もちろん、デジカメや携帯電話をはじめとして小型のディスプレイを内蔵している製品はこれまでもありました。ただ、それが小型ではあっても大型化する傾向がでてきて、これまでよりもすこしデザインの自由度が上がってきている。その際、大きさの制約で遊びがもてなかったUIも遊びを取り入れられるようになってきます。
そんな風に自由度が高まれば制約の中で「使いやすさ」だけを考慮すればよかったデザインから、よりユーザーの経験価値を高めてそれ自体が製品価値につながるようなデザインが要求されるようになります。その際、機能を階層構造化してドリルダウンさせていればよかった機能重視のデザインは、よりユーザーの情緒面を考慮したデザインが求められるようになります。その際、人間中心のデザイン手法をベースにしたエクスぺリンス・デザインができるかどうかがデザインする側の価値にもつながってきます。

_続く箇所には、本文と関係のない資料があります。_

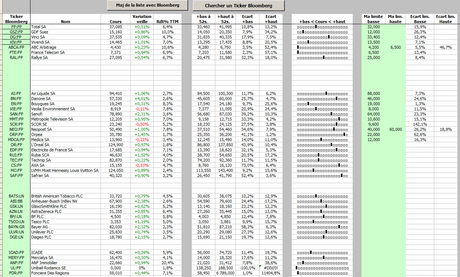 Capture-PEA-ma liste-juin2013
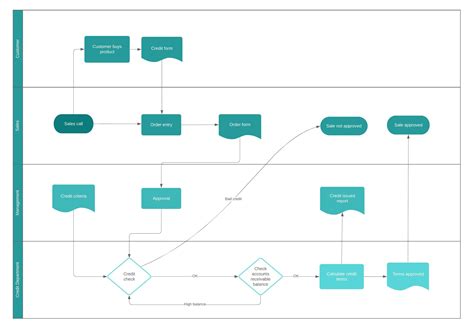 Visio Process Flow Map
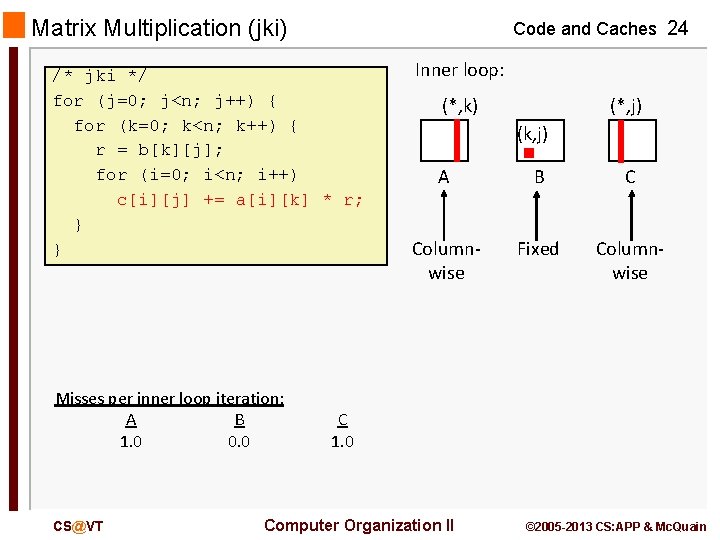 Matrix Multiplication (jki) Code and Caches 24 /* jki */ for (j=0; j<n; j++)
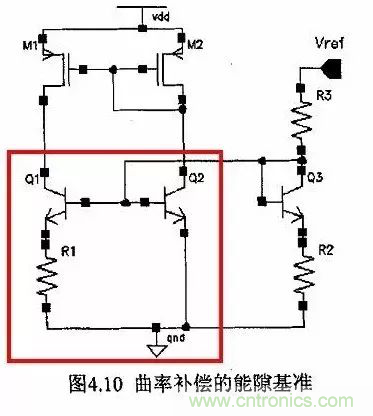 電源芯片的內(nèi)部結(jié)構(gòu)，你了解嗎？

もう1点は、やはり巨大なマーケットである中国の存在。いまはまだユーザビリティがどうこうという段階ではないらしいのですが、とうぜん、韓国がユーザビリティを気にするようになったように、数年すればユーザビリティが求められるようになります。その際、中国という巨大なマーケットをどう捉えるかは1つポイントでしょう。
ありがとうございました
などなど、とても楽しい話をいろいろ聞かせてもらいました。浅野先生、ゼミの学生さんたち、今日はありがとうございました!
企業の方と話すのももちろんためになりますが、こういった学校で情報デザインやユーザビリティのことを学生とともに学んでいらっしゃる先生とお話しするのは非常に勉強になります。
ぜひ機会があれば別の学校の先生ともお話できる機会がもてればと感じました。